Comment Istanbul joue dans SkyChart

Dans le modèle économique de SkyChart, Istanbul est l’un des 103 hubs de la carte de 496 villes, avec une valeur économique de 85 et un attrait touristique de 95. Ce score touristique correspond au niveau le plus haut de la simulation, partagé avec Sydney, Tokyo et Bangkok. La combinaison de poids économique et d’attrait touristique est rare. La plupart des villes penchent d’un côté ou de l’autre (Zurich est un hub d’affaires à tourisme modéré, Cancún l’inverse), et Istanbul cumule les deux à haute intensité.

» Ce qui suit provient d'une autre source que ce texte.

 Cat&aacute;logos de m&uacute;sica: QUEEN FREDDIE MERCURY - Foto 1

Pour un joueur qui débute en début de simulation sur 90 ans, Istanbul est plus intéressant par sa position sur le réseau que par le trafic brut au démarrage. Ouvrez des lignes depuis Istanbul vers tout ce qui se trouve dans un rayon d’environ 4 000 km et vous reliez deux régions qui exigeraient sinon un acheminement en deux étapes via un hub d’Europe occidentale. Une fois que vous disposez d’une poignée de ces rayons, le statut de hub de la ville commence à rapporter de vrais dividendes. Les passagers en correspondance s’empilent sur la demande point à point, et votre allocation de slots travaille plus dur que sur un marché purement origine-destination.

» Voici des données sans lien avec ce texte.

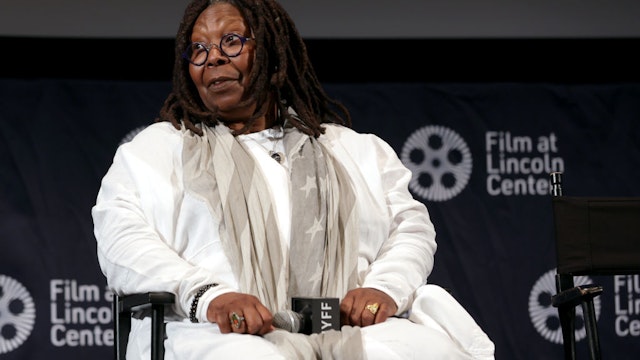NEW YORK, NEW YORK - OCTOBER 01: Whoopi Goldberg takes part in the "Till" press conference at The Film Society of Lincoln Center, Walter Reade Theatre on October 01, 2022 in New York City. (Photo by Michael Loccisano/Getty Images for FLC)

La population dans la simulation démarre à 704 000 habitants avec un taux de croissance annuel de deux pour cent. Dans la décennie 1990 de la campagne, vous volez vers une métropole de 8 à 10 millions d’habitants, et la rareté des slots aux portes principales devient un vrai problème stratégique plutôt qu’un détail de fond. Les joueurs qui verrouillent des positions de slots tôt dans la simulation tendent à les conserver. Ceux qui attendent que la rentabilité paraisse évidente trouvent généralement la porte fermée.

Conseil stratégique

La tentation avec les villes hubs est d’attendre que les chiffres justifient l’investissement avant d’engager des slots. Avec Istanbul, cette approche arrive le plus souvent trop tard. Le prix des slots évolue avec la valeur économique de la ville au fil de la simulation, et les villes qui deviennent de véritables mégahubs (Istanbul, Dubaï et Singapour parmi elles) affichent les courbes les plus raides sur cette échelle.

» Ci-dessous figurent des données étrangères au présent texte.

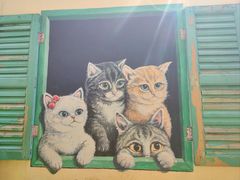 -槟城街头艺术街区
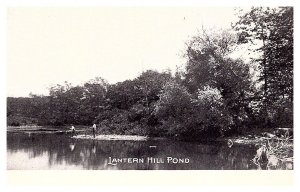 Connecticut Stonington  Lantern Hill Pond, Fly Fishing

Une ligne d’Istanbul modestement remplie dans les années 1960 ou 70 est peu coûteuse à entretenir et vous donne un ancrage de slot pour le jour où la population de la ville double, puis double à nouveau. Associez Istanbul à un monocouloir long-courrier dès les années 1960 et vous pouvez desservir la majeure partie de l’Europe, de l’Afrique du Nord, du Moyen-Orient et de l’Asie centrale depuis une seule base. Ce type de levier géographique est difficile à trouver ailleurs sur la carte, ce qui explique aussi pourquoi la version réelle de cette stratégie a plutôt bien fonctionné pour Turkish Airlines ces deux dernières décennies.